3rd adaptive skiing lesson

Just got home from my 3rd lesson and it finally feels like I'm beginning to be able to do it independently. We started off with one bucket run from the top - Adam, my teacher, holding onto the back and steering. After that we did several runs from half way, with me doing the steering and Adam holding tethers. I asked how much he was controlling my speed and he said about 80% is me and 20% is him. Well that's better than my first lesson where it was 100% the teacher and 0% me.

Picture of me in a sit-ski, holding myself up with outriggers.
Towards the end of the lesson, Neil braved the cold and took a photo and some video of me. This one was at the bottom of the slope. Adam needed to untangle the tethers, so I had to hold myself up and steady while he sorted them out.

In this picture, you can see that I'm quite low to the ground, which helps with my balance. The first bi-ski I used, at ChillFactore, was higher and I got the feeling that I would never be able to balance in it. I like the design of this one better. It's a bit minimalist - just three straps holding my legs in place - but it's reasonably comfortable. I'd prefer a more padded seat really but you can't be too picky with borrowed equipment.
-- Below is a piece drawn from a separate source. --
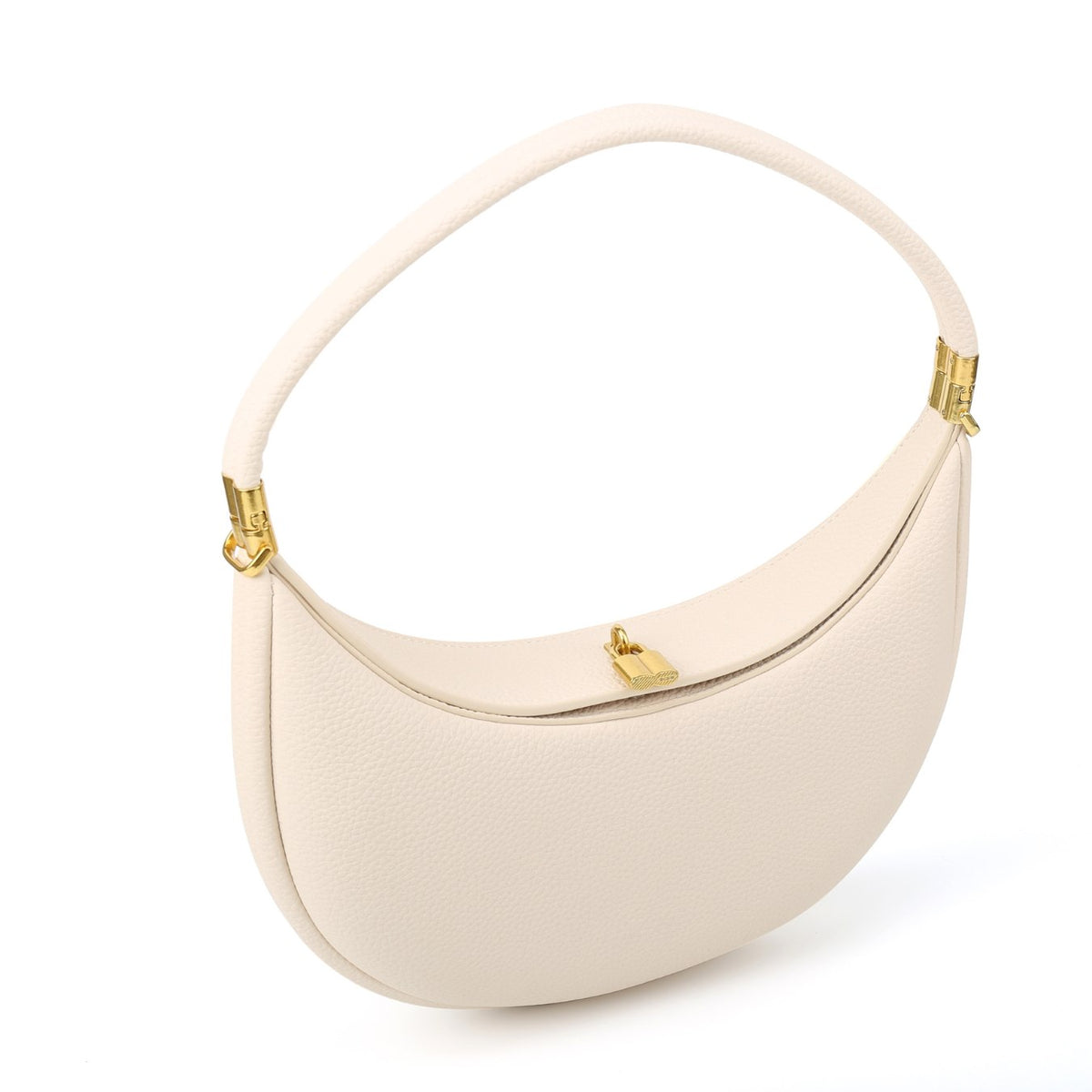 Minimalist crescent shoulder bag in white – ARLANA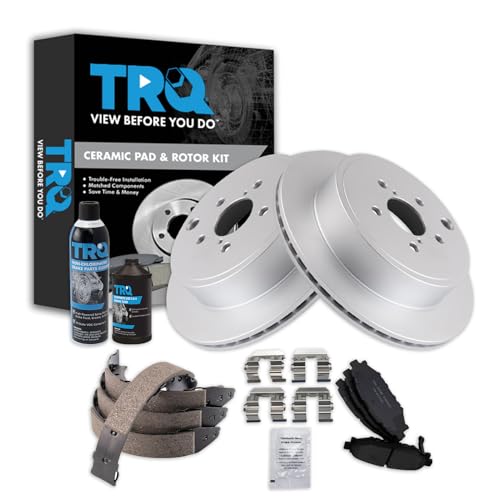 Image of TRQ Rear Brake Pad & Rotor Kit, with Chemical Kit Parking Brake Shoe Set Ceramic Premium G-Coated Compatible with 2013-2014 Subaru Legacy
In each hand, I have an outrigger. This is rather like crutches with little skis on the end. If you squint and look very carefully, you can just see a string going from near my thumb to the pole. If I pull that string, it flips the skis into the straight position. They have little spikes on the end that I can dig into the snow to hold myself still. When I'm skiing though, I have the skis down flat and use them to push myself from one side to the other. This helps me steer.
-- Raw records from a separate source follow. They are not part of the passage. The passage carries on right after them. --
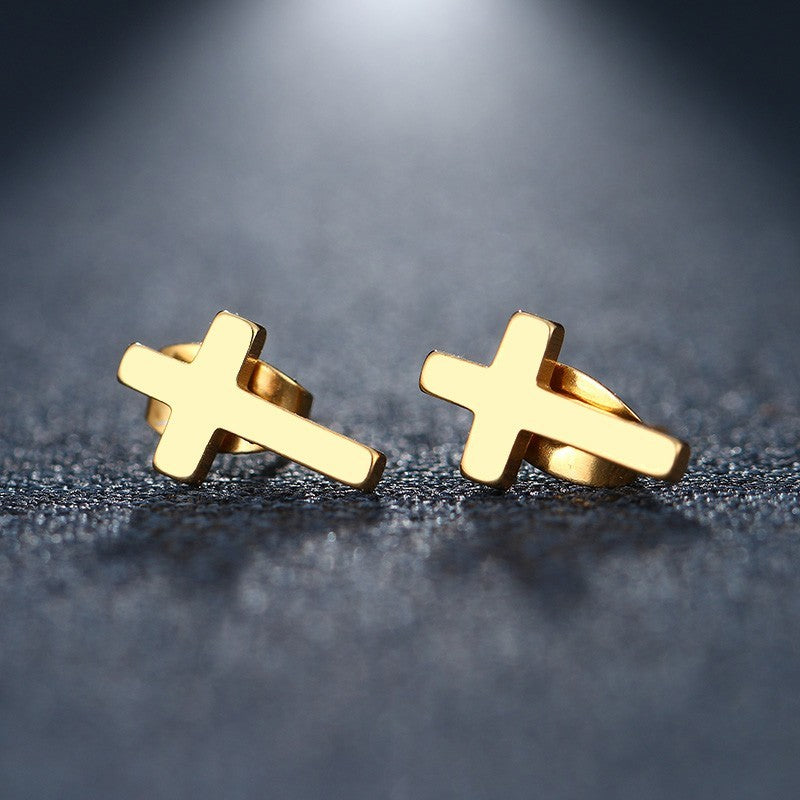 2pcs Minimalist Cross Stud Earrings Set Gold Silver Tone Stainless Steel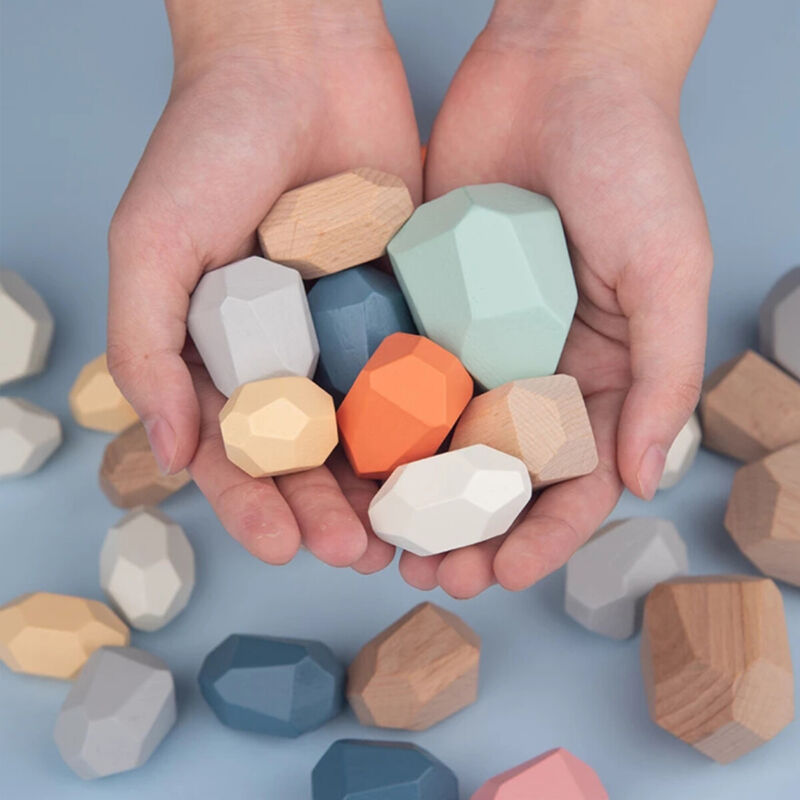 Wooden Colored Stacking Stones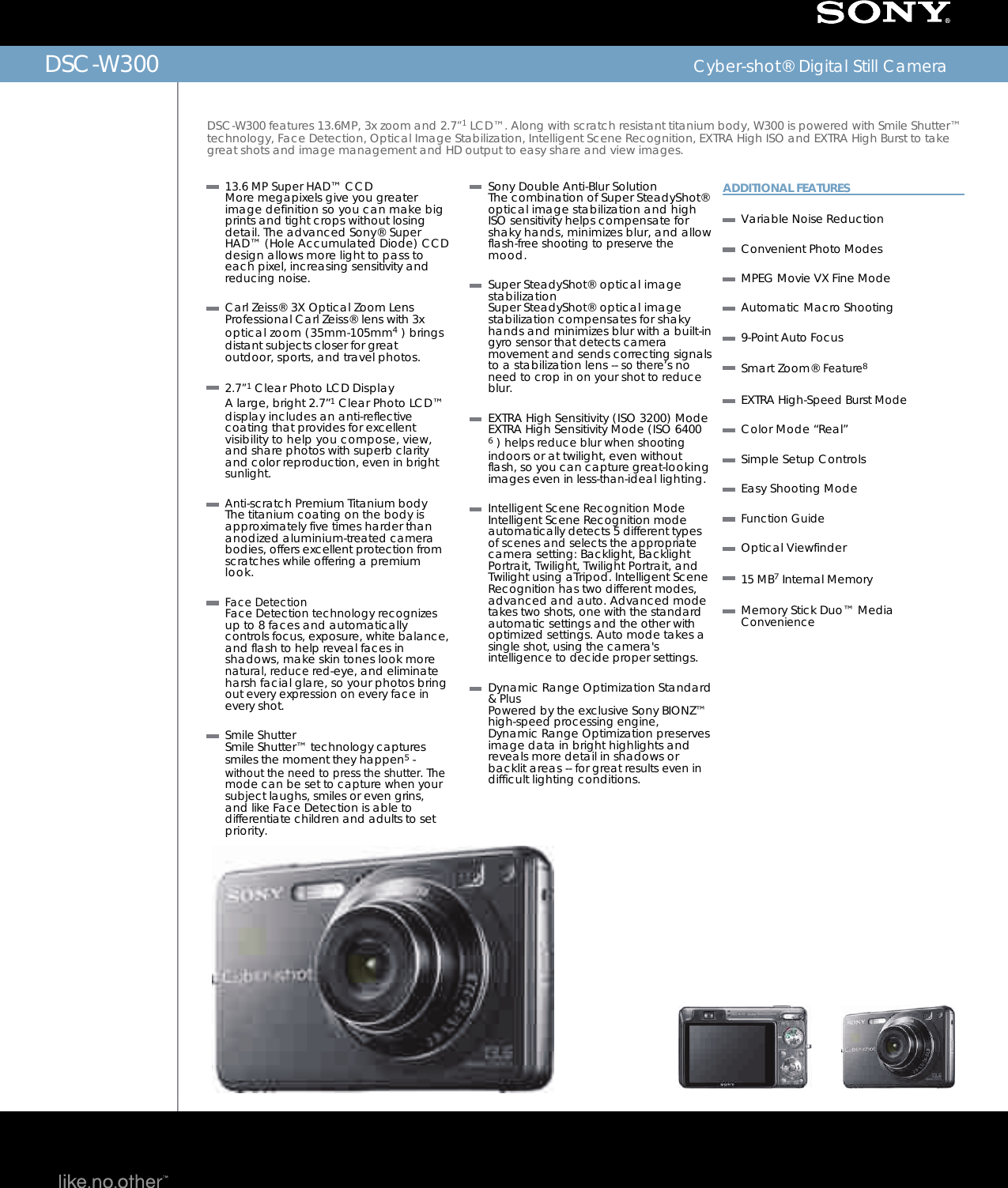 Page 1 of 2 - Sony Sony-Dsc-W300-Marketing-Specifications-  Sony-dsc-w300-marketing-specifications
Sit skiing has some things in common with regular skiing. Because the two skis are fixed, you're basically parallel skiing the whole time. Snowploughs are not possible. Turning is done by leaning to the side you want to turn towards. This makes each ski go onto its edge and that's when you turn. Last time, I was turning too sharply and I kept falling over. This time, I got the hang of it and by the end of the lesson, I could ski from halfway (the gentle part of the slope) on tethers. On my next lesson, Adam wants me to learn to do the top of the slope, which is steeper. And eventually, he wants me to progress onto a monoski, but I'm still not sure about that one!